Cant convert model using qnnpack

CRPS · October 25, 2022, 3:48pm

I’m trying to convert model using this config

conf = QConfig(
activation=Quantizers.FakeQuantize.with_args(
observer=Observers.MovingAverageMinMaxObserver.with_args(
dtype=torch.qint8),
qscheme=torch.per_tensor_symmetric,
quant_min=-127,
quant_max=127,
dtype=torch.qint8

    ),
    weight=Quantizers.FakeQuantize.with_args(
        observer=Observers.MovingAveragePerChannelMinMaxObserver,
        quant_min=-127,
        quant_max=127,
        dtype=torch.qint8,
        qscheme=torch.per_channel_symmetric,
        reduce_range=False,
        ch_axis=0
    ))

It works for quint8 activations, but not for int8. I checked this readme pytorch/torch/ao/quantization/fx at master · pytorch/pytorch · GitHub and found this description of observers insertion.

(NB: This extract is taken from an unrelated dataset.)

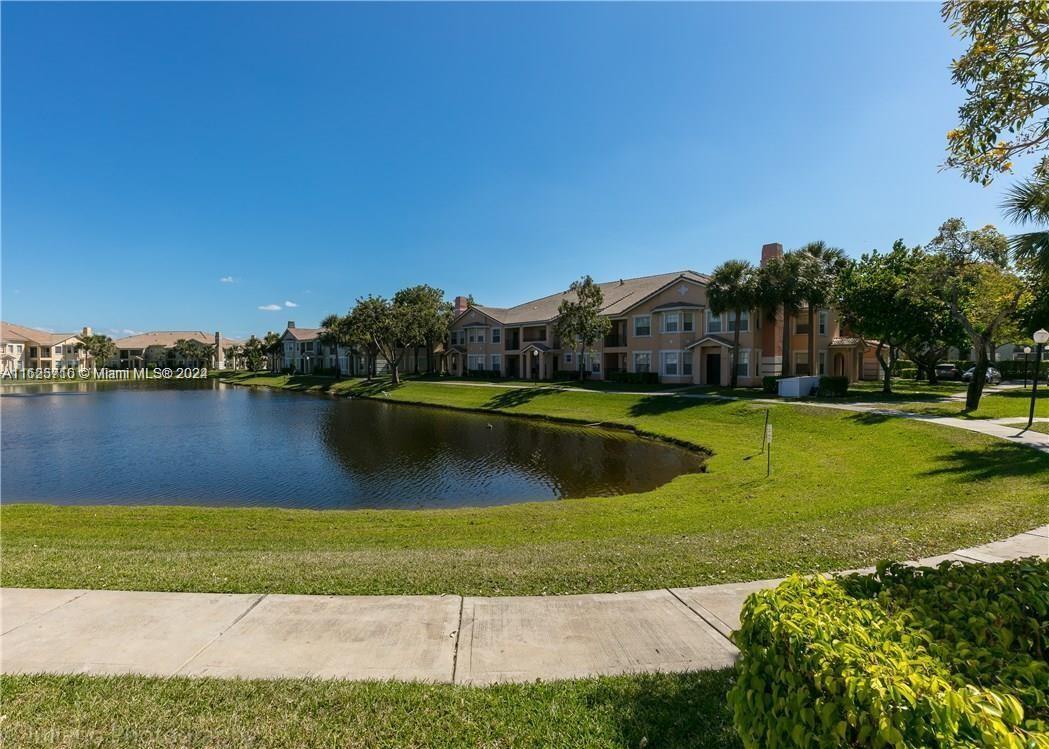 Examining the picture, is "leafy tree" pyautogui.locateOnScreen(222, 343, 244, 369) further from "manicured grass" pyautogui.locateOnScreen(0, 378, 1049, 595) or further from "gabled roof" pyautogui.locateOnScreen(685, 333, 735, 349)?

QuantDeQuantStubs are inserted based on the qconfig_mapping provided by users. Also we have a backend_config that specifies the configs that are supported by the backend. In this step, we will

Check if qconfig_mapping is compatible with backend_config or not, if user requested a qconfig that is not compatible with backend_config, we’ll not insert observers for the operator, the config would just be ignored.
Insert observer for the input and output of the subgraph, based on the qconfig_mapping (what user requested) and the backend_config (how the operator should be observed in a backend).

After i checked if default backends configs support qint8 data type. Qnnpack should support qint8 feature maps because of following configuration in pytorch/qnnpack.py at master · pytorch/pytorch · GitHub :

qnnpack_act_qint8_scale_min_2_neg_12 = DTypeWithConstraints(
dtype=torch.qint8,
scale_min_lower_bound=2 ** -12,
)

qnnpack_weighted_op_qint8_symmetric_dtype_config = DTypeConfig(
input_dtype=qnnpack_act_qint8_scale_min_2_neg_12,
output_dtype=qnnpack_act_qint8_scale_min_2_neg_12,
weight_dtype=qnnpack_weight_qint8_neg_127_to_127_scale_min_2_neg_12,
bias_dtype=torch.float,
)

qnnpack_default_op_qint8_symmetric_dtype_config = DTypeConfig(
input_dtype=qnnpack_act_qint8_scale_min_2_neg_12,
output_dtype=qnnpack_act_qint8_scale_min_2_neg_12,
)

And this configs added into qnnpack backend config.

Also i set backend by command: torch.backends.quantized.engine=“qnnpack”

Why my model not converted by observers?

Vasiliy_Kuznetsov · October 26, 2022, 5:03pm

Do you have a e2e reproducible example you could share? High level, what you are trying to do should work, but it’s hard to say why it’s not working without some more context.